Pompeo made his latest attack on China after talks with President Gotabaya Rajapaksa on security cooperation to keep open vital Indian Ocean sea lanes just south of Sri Lanka.
"A strong sovereign Sri Lanka is a powerful strategic partner for the United States on the world stage," Pompeo told reporters as he wrapped up a 12-hour visit, the second stop on a four-nation tour.
Pompeo described how Washington has provided military training and recently gifted two coastguard vessels, contrasting its assistance with China.
"We see from bad deals, violations of sovereignty and lawlessness on land and sea that the Chinese Communist Party is a predator, and the United States comes in a different way, we come as a friend, and as a partner," Pompeo told a televised news conference in the capital, Colombo.
The Chinese embassy in Colombo hit back, tweeting a promotional image for the "Aliens vs Predator" video game.
"Sorry Mr. Secretary Pompeo, we're busy promoting China-Sri Lanka friendship and cooperation, not interested in your Alien v Predator game invitation," it said.
Sri Lanka's Foreign Minister Dinesh Gunawardena made no reference to China, but at a press conference with Pompeo, told reporters that the country maintains a non-aligned foreign policy.
Sri Lanka borrowed billons of dollars from China for infrastructure when Rajapaksa's brother Mahinda was the country's leader from 2005 until 2015. Unable to service a $1.4 billion loan to build a deep sea port, the country was forced to lease the port to a Chinese firm for 99 years in 2017.
On Tuesday, the Chinese embassy accused Pompeo of trying to "coerce and bully" Sri Lanka with his visit.
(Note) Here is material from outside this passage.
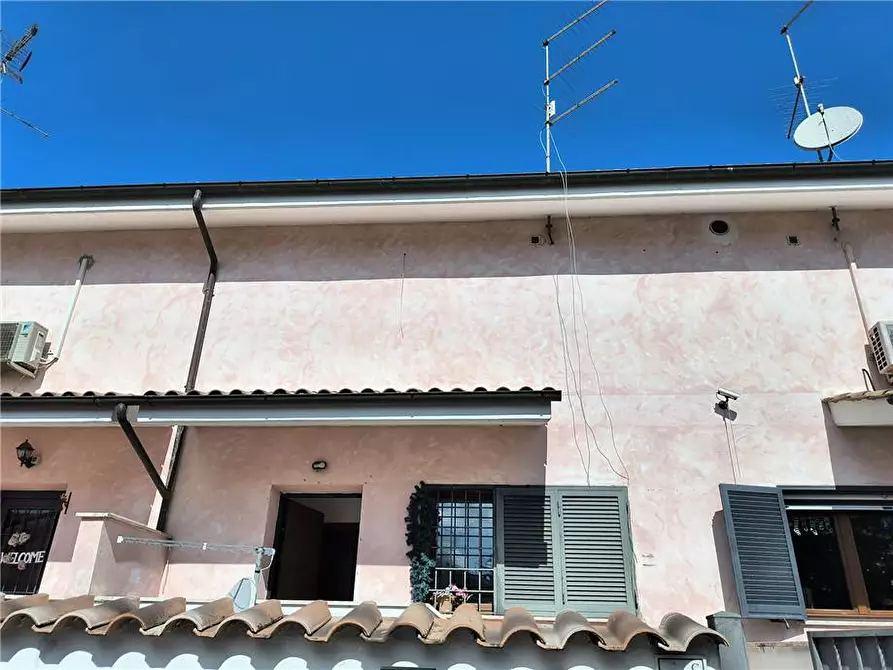 Immagine 26 di Villa in vendita  in Via luigi pietrobono, 36c a Roma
Anti-China comments have been a key theme of Pompeo's Asian tour this week, which began in India and will now take him on to the Maldives and Indonesia.
China has in the past helped Sri Lanka fight off allegations of human rights violations, particularly in the final months of a decades-long civil war, when the current president was the country's top defence official. Washington has insisted on credible investigations into charges that Sri Lankan troops killed at least 40,000 civilians as they crushed Tamil Tiger separatist rebels in in 2009.